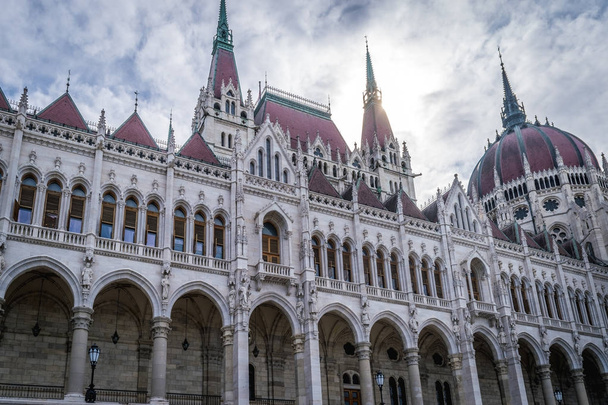 Bâtiment du Parlement hongrois au lever du soleil à Budapest, Hongrie
 - Photo, image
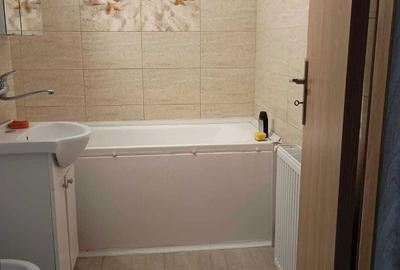 Apartament cu 4 camere decomandat în Central - 3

________________________

> **Assignment**
Exclude the pictures, and transcribe all of the material exactly.

> **Solution to this exercise**
 Bâtiment du Parlement hongrois au lever du soleil à Budapest, Hongrie
 - Photo, image
 Apartament cu 4 camere decomandat în Central - 3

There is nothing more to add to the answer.